Return every line from the one with "UMAI Green Arrow" through the one with "Skinny Leggings 'CINA'", inclusive, exactly as it appears below.

___ Input ___

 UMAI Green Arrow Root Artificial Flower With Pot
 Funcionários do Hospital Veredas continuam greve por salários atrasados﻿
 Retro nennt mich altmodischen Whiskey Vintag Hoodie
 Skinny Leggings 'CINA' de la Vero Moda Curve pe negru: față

___
___ Input ___

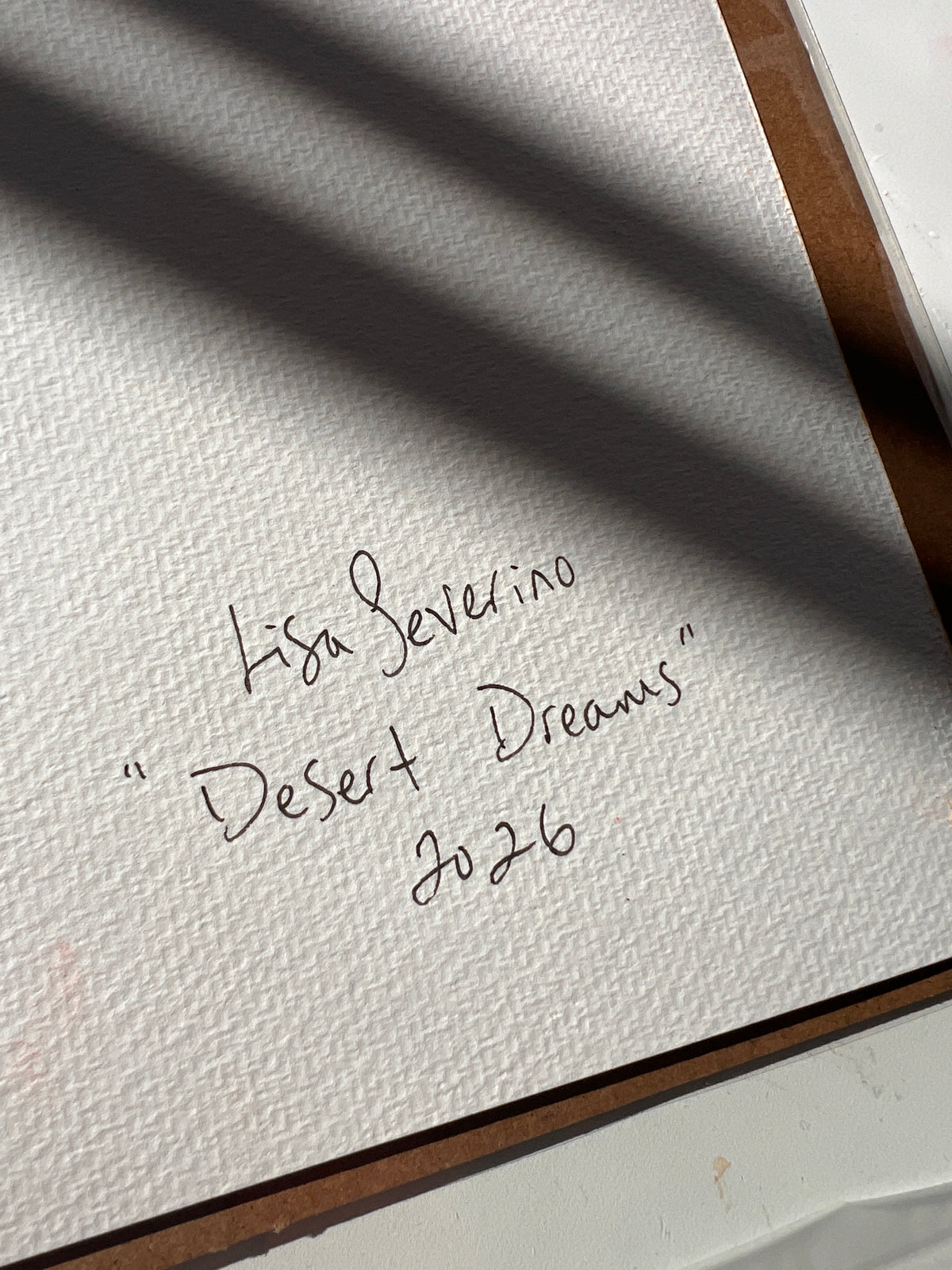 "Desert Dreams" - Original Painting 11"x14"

___

Task output:
 UMAI Green Arrow Root Artificial Flower With Pot
 Funcionários do Hospital Veredas continuam greve por salários atrasados﻿
 Retro nennt mich altmodischen Whiskey Vintag Hoodie
 Skinny Leggings 'CINA' de la Vero Moda Curve pe negru: față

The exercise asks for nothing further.